Incredibly, HUD had assigned 9 staff in City Hall for five months, ending in October, to audit BERC, BURA & BNRC. Then HUD issued no report until AFTER Common Council demanded, and failed to obtain, basic funding data while debating the new block grant plan.

Now there is finally another damning report, of many, from HUD, but little indication HUD will finally make real reform this time.

A dramatic example of "poverty funding" excesses can be found at the highly controversial "Sycamore Village" (SV) project. Last September the city held a press conference boasting that heavily subsidized new houses built on former toxic industrial land were "selling fast". Allegedly 11 houses were sold, albeit merely two were to non-Bflo buyers.

Six months later merely six deeds have been filed, and new reports indicate that just TWELVE houses have actually been sold so far. And just ONE has been purchased by an out-of-town buyer.

That means that the longstanding pattern of 'musical housing' continues in Bflo with the massively subsidized newbuilds at Sycamore Village. It has been repeatedly documented that too often those moving into costly politically glitzy heavily-subsidized newbuilds are simply vacating a house elsewhere in Bflo . . eventually adding another taxpayer-funded demolition in a shrinking city suffering massive vacancies.
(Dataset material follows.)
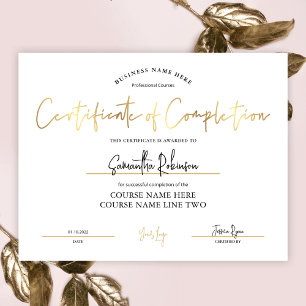 Certificat d'achèvement Faux Gold Beauty Award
The newest SV deed filed last week for 385 Sycamore focuses the serious cost-benefit problems there. It was filed 3/24/09 by BURA to Natalie White for $201,765. She has two RBS Citizens NA mortgages ($161.4K & $7535), & a $26765 BURA subsidy-mortgage. That means she is paying about $175,000 for the house, while having no property taxes for a decade.

There is a Natalie White on the city web site property information link at 22-24 Dupont near Jefferson, a one family house with an assessed value of $8.5K, adjacent to her recently purchased vacant lot (for $1) with an AV of $1.8K. Is she indeed the buyer?

Is the buyer of a massively subsidized SV house indeed moving from a struggling street in a house worth about $10K to a fancy new house likely having a real total cost of several hundred thousand dollars, heavily funded by taxpayers?

Cost over-runs at SV have been massive, but quietly covered-up. For example, the demolition of three SV newbuilds built by Dennis Penman / MJ Peterson on contaminated land without authorization has been quietly forgotten.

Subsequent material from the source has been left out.